-- Exercise data --
--------------------------------------------------
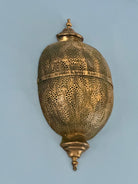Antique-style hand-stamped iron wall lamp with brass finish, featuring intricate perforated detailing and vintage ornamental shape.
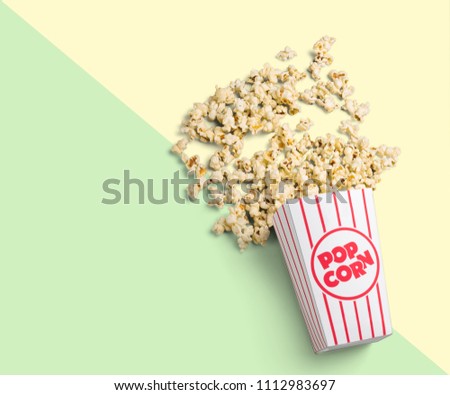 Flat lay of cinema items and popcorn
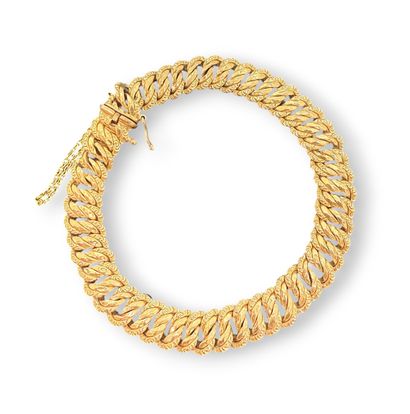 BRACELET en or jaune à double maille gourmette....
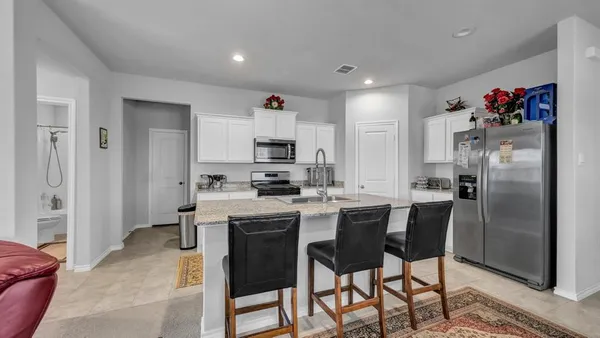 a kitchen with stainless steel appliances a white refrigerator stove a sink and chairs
--------------------------------------------------
-- What to work on --
Each line from the line containing "Flat lay of cinema items and popcorn" through the final line of the data above must be retyped exactly; nothing else, and no pictures, may appear.

-- Response to this task --
 Flat lay of cinema items and popcorn
 BRACELET en or jaune à double maille gourmette....
 a kitchen with stainless steel appliances a white refrigerator stove a sink and chairs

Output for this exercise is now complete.